I know this is hard for a lot of people to hear because like I said, dogs love being off leash. When taking your dog out into the world you need to keep more than just their happiness in mind. You need to keep them safe and those around them safe as well. Your dog is a walking liability! They could jump on someone who’s afraid of dog’s and make their fears much worse. They could exuberantly run up to say hello to someone and knock them over. They could simply rush in to say hello to another dog and scare the daylights out of them even though, your dog is just trying to be “friendly.”
Long story short. Obey leash laws, when in doubt leash your dog, and above all else, train a reliable recall!

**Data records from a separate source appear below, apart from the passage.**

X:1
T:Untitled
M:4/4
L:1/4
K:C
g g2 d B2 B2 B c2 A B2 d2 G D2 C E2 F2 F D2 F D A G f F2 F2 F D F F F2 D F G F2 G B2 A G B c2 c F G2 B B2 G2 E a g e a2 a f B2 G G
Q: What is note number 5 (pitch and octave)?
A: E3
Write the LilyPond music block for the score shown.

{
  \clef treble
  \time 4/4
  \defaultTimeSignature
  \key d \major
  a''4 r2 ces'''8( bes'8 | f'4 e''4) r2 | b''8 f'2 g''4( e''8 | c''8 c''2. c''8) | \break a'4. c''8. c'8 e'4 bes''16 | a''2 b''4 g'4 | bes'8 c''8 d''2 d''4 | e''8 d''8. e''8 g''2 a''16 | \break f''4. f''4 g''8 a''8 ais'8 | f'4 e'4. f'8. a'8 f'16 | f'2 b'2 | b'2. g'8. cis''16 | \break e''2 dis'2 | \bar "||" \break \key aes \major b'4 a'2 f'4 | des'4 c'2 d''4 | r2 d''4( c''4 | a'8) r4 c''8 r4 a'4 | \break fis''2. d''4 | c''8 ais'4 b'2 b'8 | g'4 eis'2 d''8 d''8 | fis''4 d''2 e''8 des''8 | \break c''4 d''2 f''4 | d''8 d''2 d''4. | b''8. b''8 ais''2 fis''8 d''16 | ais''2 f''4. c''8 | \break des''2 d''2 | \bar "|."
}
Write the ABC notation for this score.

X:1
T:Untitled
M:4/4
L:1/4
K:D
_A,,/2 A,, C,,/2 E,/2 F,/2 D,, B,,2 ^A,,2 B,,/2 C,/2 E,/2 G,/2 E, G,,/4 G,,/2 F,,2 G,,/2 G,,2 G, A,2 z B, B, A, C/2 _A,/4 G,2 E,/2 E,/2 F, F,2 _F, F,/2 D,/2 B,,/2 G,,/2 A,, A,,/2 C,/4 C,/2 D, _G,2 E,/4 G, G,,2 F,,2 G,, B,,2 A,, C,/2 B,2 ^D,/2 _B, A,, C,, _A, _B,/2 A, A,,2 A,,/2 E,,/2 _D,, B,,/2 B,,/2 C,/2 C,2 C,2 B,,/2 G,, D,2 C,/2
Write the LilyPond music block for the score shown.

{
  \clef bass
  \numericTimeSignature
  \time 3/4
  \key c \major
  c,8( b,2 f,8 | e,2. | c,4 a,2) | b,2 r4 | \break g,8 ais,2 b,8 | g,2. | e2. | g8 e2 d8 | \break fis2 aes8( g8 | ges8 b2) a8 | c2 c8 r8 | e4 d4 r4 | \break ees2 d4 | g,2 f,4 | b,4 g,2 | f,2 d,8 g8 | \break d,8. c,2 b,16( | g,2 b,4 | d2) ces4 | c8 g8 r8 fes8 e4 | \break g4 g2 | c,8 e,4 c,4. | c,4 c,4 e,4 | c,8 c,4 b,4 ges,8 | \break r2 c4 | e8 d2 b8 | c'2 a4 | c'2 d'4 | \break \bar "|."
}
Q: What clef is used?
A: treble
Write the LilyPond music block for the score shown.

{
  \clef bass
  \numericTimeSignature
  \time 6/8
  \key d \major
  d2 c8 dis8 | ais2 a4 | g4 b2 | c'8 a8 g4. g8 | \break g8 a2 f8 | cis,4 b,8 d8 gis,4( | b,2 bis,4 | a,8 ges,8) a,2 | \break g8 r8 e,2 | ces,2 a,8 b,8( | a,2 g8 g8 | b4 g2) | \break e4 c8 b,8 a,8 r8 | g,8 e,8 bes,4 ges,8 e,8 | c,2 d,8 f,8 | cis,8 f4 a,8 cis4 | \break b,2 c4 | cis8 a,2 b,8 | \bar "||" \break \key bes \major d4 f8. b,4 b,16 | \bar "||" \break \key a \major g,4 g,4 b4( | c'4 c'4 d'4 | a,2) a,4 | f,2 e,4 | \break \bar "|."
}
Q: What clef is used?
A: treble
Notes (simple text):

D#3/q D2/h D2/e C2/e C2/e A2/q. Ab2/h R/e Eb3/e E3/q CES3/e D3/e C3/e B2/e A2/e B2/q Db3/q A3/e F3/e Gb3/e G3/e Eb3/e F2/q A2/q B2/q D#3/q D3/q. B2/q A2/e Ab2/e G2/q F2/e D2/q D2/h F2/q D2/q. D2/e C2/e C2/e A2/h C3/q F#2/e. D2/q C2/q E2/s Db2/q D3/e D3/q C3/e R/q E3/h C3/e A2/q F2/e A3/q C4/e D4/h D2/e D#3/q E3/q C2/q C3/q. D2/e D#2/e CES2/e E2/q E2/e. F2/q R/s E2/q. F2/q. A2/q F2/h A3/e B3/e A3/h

Now that we’ve got through my PSA about leashing your dogs, what I really want to speak on is how you, owner of a leashed dog, can keep your dog safe from an off leash one. In rare circumstances, this event can be totally fine. The off leash dog approaches the dog that is leashed, they say hello, all goes well and Louise is sitting there with her jaw on the ground going, “did that just happen?!”
Seriously though, this often goes very poorly. And we could talk for days about how to host an appropriate dog intro but that is for another newsletter. The main goal, often times, is to keep the off leash dog far enough away from the leashed dog that chaos doesn’t ensue. Here are a few tips, starting with the most kind way, to stop a dog in their tracks.
First and foremost. Yell loudly and very sternly to the owner, “Please leash your dog immediately.” If the person asks why, or says that often heard phrase that makes every person's heart sink, “It’s okay. He’s friendly!” Repeat this louder and with more urgency, “Please leash your dog immediately!” Leash first. Explain later.
Sometimes, there is no owner in sight and calling to them does no good. Reach into your treat pouch (make sure you always have a treat pouch with yummy snacks, always!) grab a handful of your highest value treats and throw them directly at the oncoming dog. Sometimes this is tempting enough to stop the dog in their tracks and you can slowly retreat to safety.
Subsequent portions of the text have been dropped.